# Good job sites?



## nitsuk (Jul 11, 2012)

I was wondering if anyone can suggest me good job sites or recruitment agencies for dubai(mainly for IT jobs). 

I have already tried monstergulf and naukrigulf but couldnt find many IT jobs listed in there for 14 years of experince in project and IT delivery management. 

Thanks


----------



## nitsuk (Jul 11, 2012)

Anyone please??


----------



## webmongaz (Feb 2, 2011)

Search the forum and you will find this topic has been covered 243 times before...


----------



## nitsuk (Jul 11, 2012)

Thanks for the rude reply. It seems like this is my first lesson in an attempt to move to dubai.


----------



## webmongaz (Feb 2, 2011)

nitsuk said:


> Thanks for the rude reply. It seems like this is my first lesson in an attempt to move to dubai.

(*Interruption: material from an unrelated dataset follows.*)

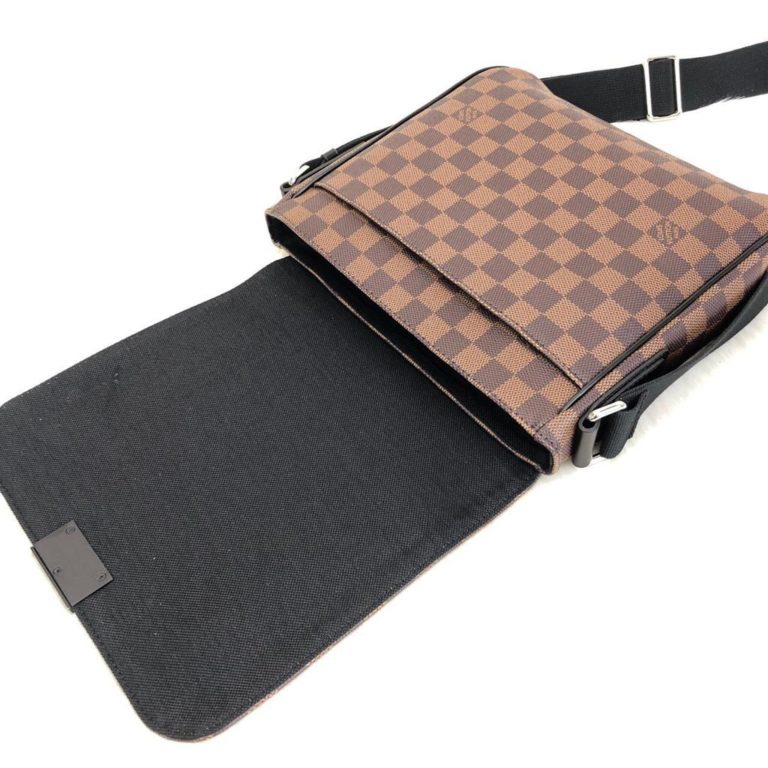 louis vuitton canta postaci District PM kahve 25x25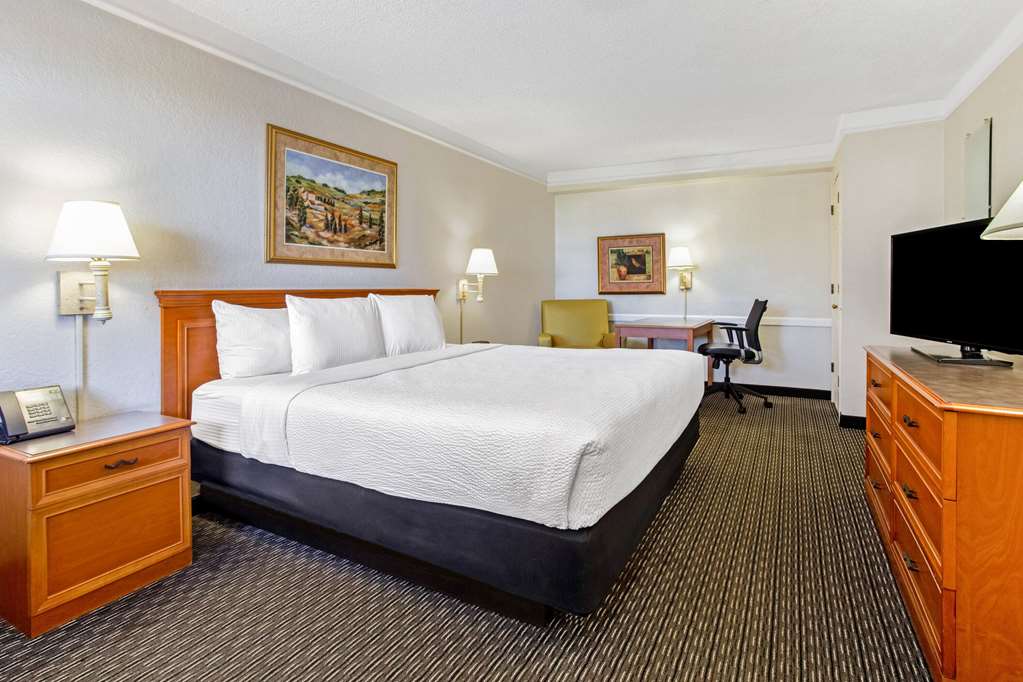 La Quinta Inn Tampa Bay Pinellas Park Clearwater - photo 31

You should see how they drive here!


----------



## nitsuk (Jul 11, 2012)

Anything else i should know about which will help me decide not to move to dubai (on top of the wonderful picture you have already painted)


----------



## Darkt (Jun 17, 2012)

Take a look at the sticky threads (such as the "read before you post" thread).
There are many good insights and discussion in these threads that will greatly help you 
Good luck!


----------



## madisonjump (Jul 19, 2012)

nitsuk said:


> I was wondering if anyone can suggest me good job sites or recruitment agencies for dubai(mainly for IT jobs).
> 
> I have already tried monstergulf and naukrigulf but couldnt find many IT jobs listed in there for 14 years of experince in project and IT delivery management.
> 
> Thanks


careerjet.ae is good. It fetches links from every possible job site.


----------



## nitsuk (Jul 11, 2012)

Thanks. Careerjet is good. Otherwise i was starting to think that dubai have no decent jobs left.


----------



## Darkt (Jun 17, 2012)

nitsuk said:


> Thanks. Careerjet is good. Otherwise i was starting to think that dubai have no decent jobs left.


Really? Are you serious?


----------



## nitsuk (Jul 11, 2012)

Im , very much. In some cases total jobs found was below 20 in which most of the jobs were either repeated or irrelevant.


----------



## zovi (Jul 5, 2012)

Gulftalent.com


----------